All this is making Poland a trailblazer for many key trends in LTE deployment models. Mobyland has the edge in timing, though not in branding or industry relationships. It has announced its first device, a USB dongle from IPWireless, best known for its TDD technologies - TD-CDMA and mobile TV platform IMB. The firm has created the devices specifically for Mobyland’s unusual band, indicating the problems of scale in a fragmented market, but also the opportunities that this opens up for smaller suppliers. The IPWireless dongle uses chips from Altair Semiconductor, a specialist in WiMAX device silicon which has expanded into LTE.
The US will also see fragmentation, because most of its carriers will be forced to deploy LTE in several different bands once they start to need more capacity, and in different parts of the same band. One of Verizon’s issues will be the small amount of capacity in its initial LTE band, 700 MHz, which will drive it to multiband roll-out fairly quickly. And it is sharing the 700MHz digital dividend spectrum with a patchwork of other carriers, whose own LTE efforts will be in different parts of the band, with consequent roaming challenges.
AT&T is the other major 700 MHz holder, of course, but although it has brought forward its LTE roll-out, it will not go live for another year. But there are many other holders of 700 MHz licenses, from the auctions of early 2008 and earlier allocations. These earlier transactions mean there are many small holders of localized 700 MHz spectrum, some of which are already deploying services, often using a variant of WiMAX, and others likely to lease or sell to larger players. These deals may allow the major operators to supplement their holdings as their capacity runs out, depending on where in the band the licenses sit.
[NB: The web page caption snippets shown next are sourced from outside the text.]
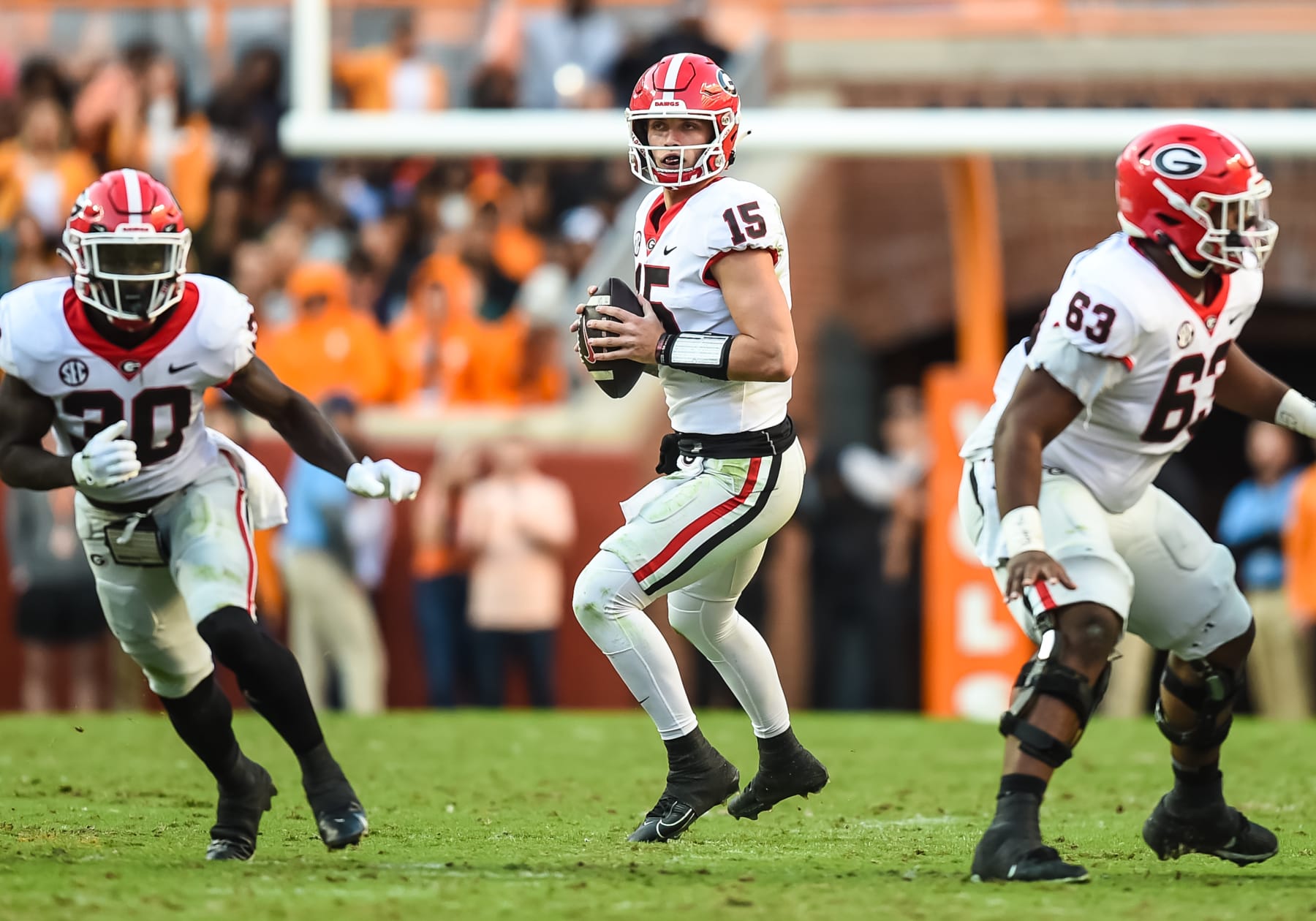 KNOXVILLE, TN - NOVEMBER 18: Georgia Bulldogs quarterback Carson Beck (15) sets up for a pass during a college football game between the Tennessee Volunteers and the Georgia Bulldogs on November 18, 2023, at Neyland Stadium, in Knoxville, TN. (Photo by Bryan Lynn/Icon Sportswire via Getty Images)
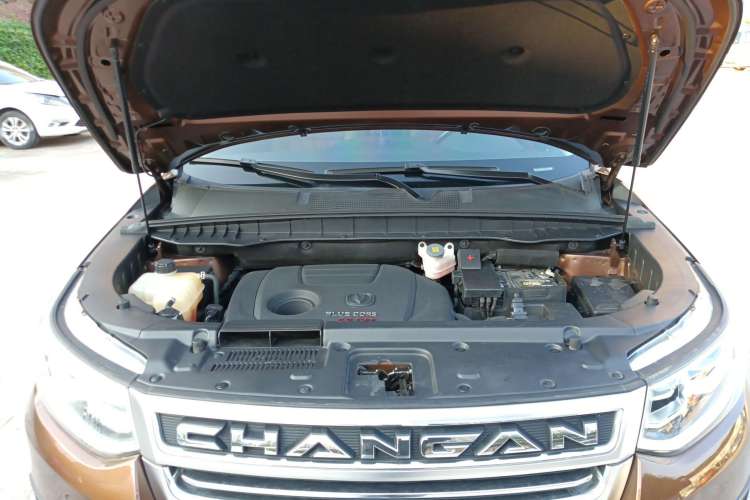 Used CHANGAN CS95 2017 2.0T Four-Wheel Drive SmartDrive Edition Engine Bay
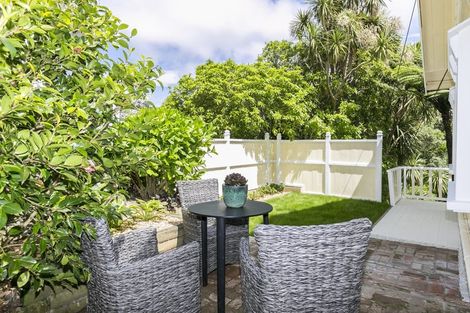 Photo of property in 12 Governor Road, Northland, Wellington, 6012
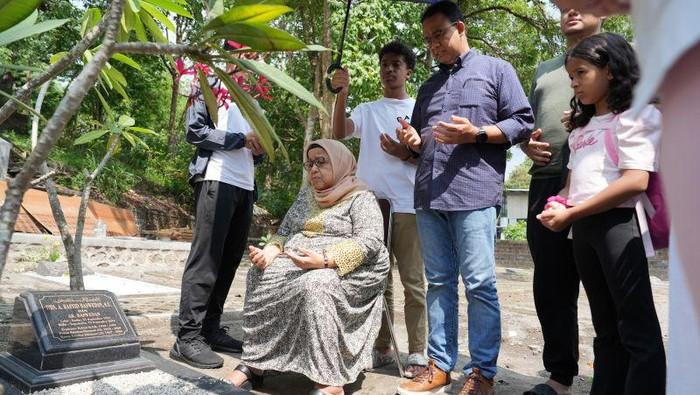 Anies Ziarah ke Makam Ayah, Ingat Pesan Perubahan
AT&T is already eyeing such an opportunity, according to reports, and it certainly has the weakest spectrum position for 4G among the big three cellcos. It has only 12 MHz in the 700 MHz band, compared to Verizon’s 22 MHz (and of course, Sprint rides on a Clearwire network with over 100MHz in most markets). The biggest winner of that first round of 700 MHz was Qualcomm, which used it to build its MediaFLO mobile TV network as a white label service for carriers. However, it recently confirmed plans to wind down that business and is likely to sell its holdings, with AT&T rumored to be in talks. AT&T could theoretically take over the FLO TV network, which it uses for its own mobile broadcast offerings, but is more likely to use the licenses to boost its store of spectrum for mobile broadband. The licenses are considered to be worth more than the $683m Qualcomm paid for them between 2003 and 2008.
However, Qualcomm’s spectrum may have limited uses for AT&T, unless it does decide to keep FLO running. The D and E Block licenses held by the CDMA giant are good for mobile TV, but they run in 6 MHz unpaired channels - that means TDD technology, not the FD-LTE that AT&T will use in the rest of its 700 MHz spectrum; and even if it decided to run TD-LTE or WiMAX, 6MHz would hardly support interesting services. The only carrier serious about running 4G technology in such narrow channels is MetroPCS, but that is for a very different business model from AT&T’s, requiring lower tariffs and quality of service - and since MetroPCS did not implement 3G, in effect it is using LTE to achieve 3G-level offerings.